Opinion
3:CV 06-98.
April 9, 2007
MEMORANDUM and ORDER
On January 12, 2006, Plaintiffs filed a Complaint seeking declaratory relief and alleging bad faith pursuant to 42 Pa. C.S.A. § 8371 against Farmers New Century Insurance Company ("Farmers"). (Doc. 1). The allegations in the Complaint stem from Farmers' denial of stacked underinsured motorist coverage claimed by Ethel Dougherty after she was involved in an accident while driving a household vehicle insured by Farmers. Farmers denied coverage based on a household exclusion which plaintiffs maintain is inapplicable. The Plaintiffs filed an Amended Complaint on January 18, 2006 (Doc. 2) and Farmers filed its answer on February 27, 2006. (Doc. 9). On October 26, 2006, plaintiffs filed a motion for leave to file a second amended complaint, including claims for breach of contract and for a violation of the Unfair Trade Practices and Consumer Protection Law ("UTPCPL"). (Doc. 67). The court granted plaintiffs leave to amend to include claims under the UTPCPL but denied their motion as it pertained to the breach of contract claim. (Doc. 96).
A thorough recitation of the underlying facts of this case is set out in the Memorandum and Order issued on February 8, 2007. (Doc. 99).
On September 15, 2006, Farmers filed a motion for partial summary judgment on the issue of coverage. (Doc. 53). On December 4, 2006, plaintiffs filed their brief in opposition to Farmers' motion for partial summary judgment (Doc. 77) as well as a cross motion for summary judgment (Doc 80).
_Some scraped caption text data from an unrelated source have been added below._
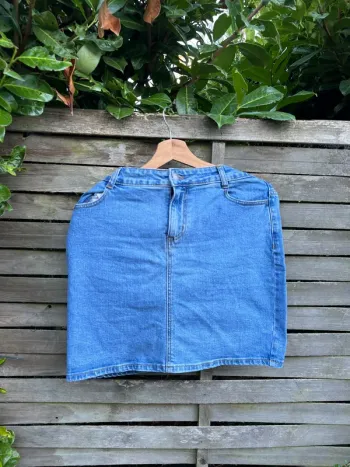 Jupe Kiabi bleu jean – Taille 40 très bon état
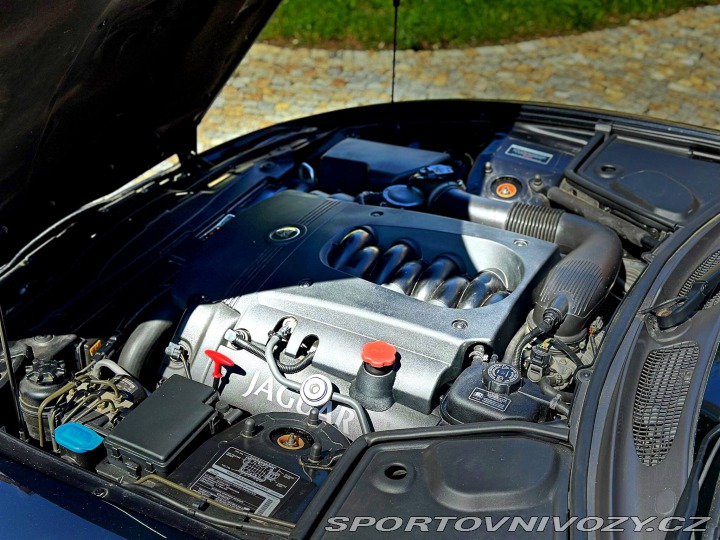 Jaguar XK8 | 65 971 mil 2003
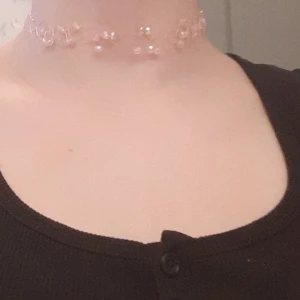 Rosa halsband - Super fint halsband i rosa gjort av strechigt material. Aldrug andvänt förutom när jag tog bilden! Små rosa pärlor. Fint skick och blir up till 50cm när man sträcker ut det. Passar de flesta halsar men kan även sita like tajt. Kontakta vid frågor💗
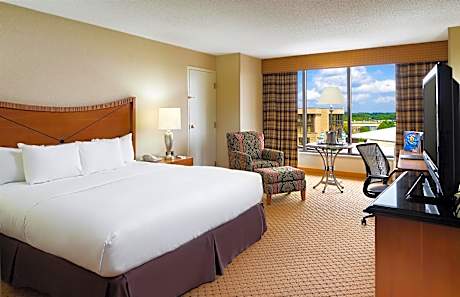 1 King Bed Mobility Accessible Ri Shwr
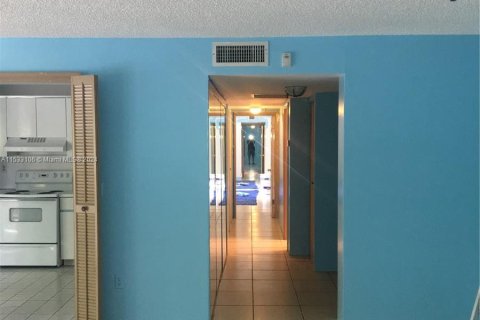 Condo in Miami, Florida, 2 bedrooms  № 1019651 - photo 1
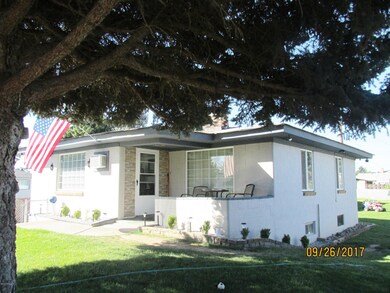 904 N 28th Ave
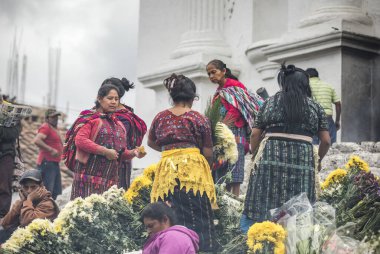 chichicastenango, Guatemala, 27 Şubat 2020: Geleneksel pazarda Maya insanları el sanatları satıyor ve satın alıyorlar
By Order dated February 8, 2007, Farmer's motion for partial summary judgment on the issue of the validity of the household exclusion was granted and the Doughertys' cross motion for partial summary judgment was denied. (Doc. 99).
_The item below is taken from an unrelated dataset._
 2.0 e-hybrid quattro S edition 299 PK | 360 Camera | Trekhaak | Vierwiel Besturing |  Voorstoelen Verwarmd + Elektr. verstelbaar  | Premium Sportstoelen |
Farmers initially filed a motion for partial summary judgment (Doc. 18) on May 1, 2006. That summary judgment motion was dismissed without prejudice on May 11, 2006 in order to allow the parties additional time to complete relevant discovery. (Doc. 23).
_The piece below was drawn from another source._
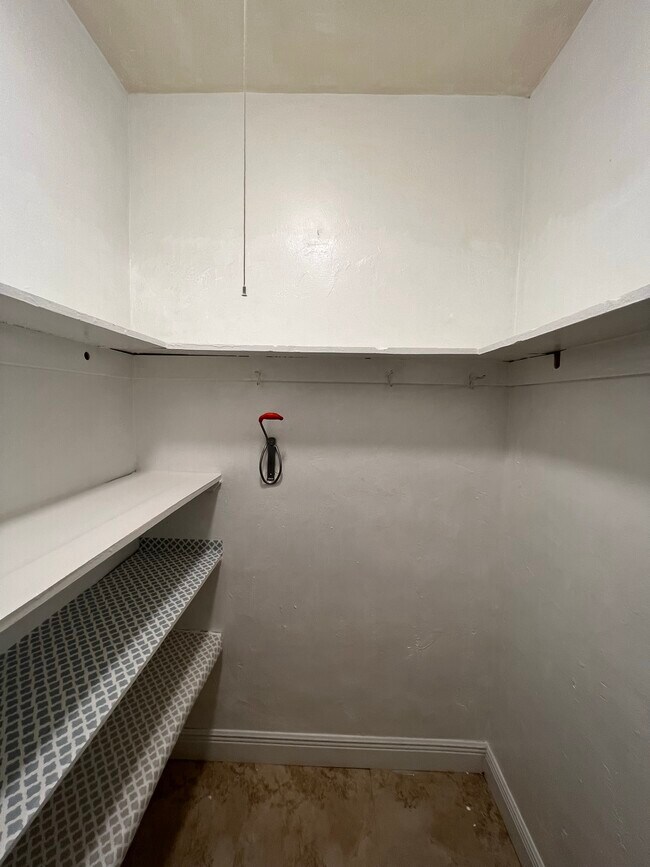 Foto del edificio - 1141 Meridian Ave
Plaintiffs did not file a separate brief in support of their motion for summary judgment but rather incorporated the arguments set forth in their brief in opposition.
On February 20, 2007, the Doughertys filed a motion for reconsideration (Doc. 100 101) arguing that a further reasonable expectations analysis should be applied in interpreting the household exclusion because the court failed to fully consider that Ethel Dougherty requested a single insurance policy but in fact received four (4) separate policies and also that defendant's agent, advised Ethel Dougherty that she could stack coverage on all vehicles if she was injured while occupying one of the insured vehicles. The Doughertys also contend that their argument that Farmers factored in the non-enforcement of the household exclusion when it established its stacking premium was not adequately analyzed. Farmers filed its response on March 7, 2007. (Doc. 102). On March 28, 2007, Farmers filed a supplement to its brief in opposition (Doc. 103) and the Doughertys filed a responsive letter on that same date (Doc. 104) followed by a supplemental response on March 30, 2007. (Doc. 105).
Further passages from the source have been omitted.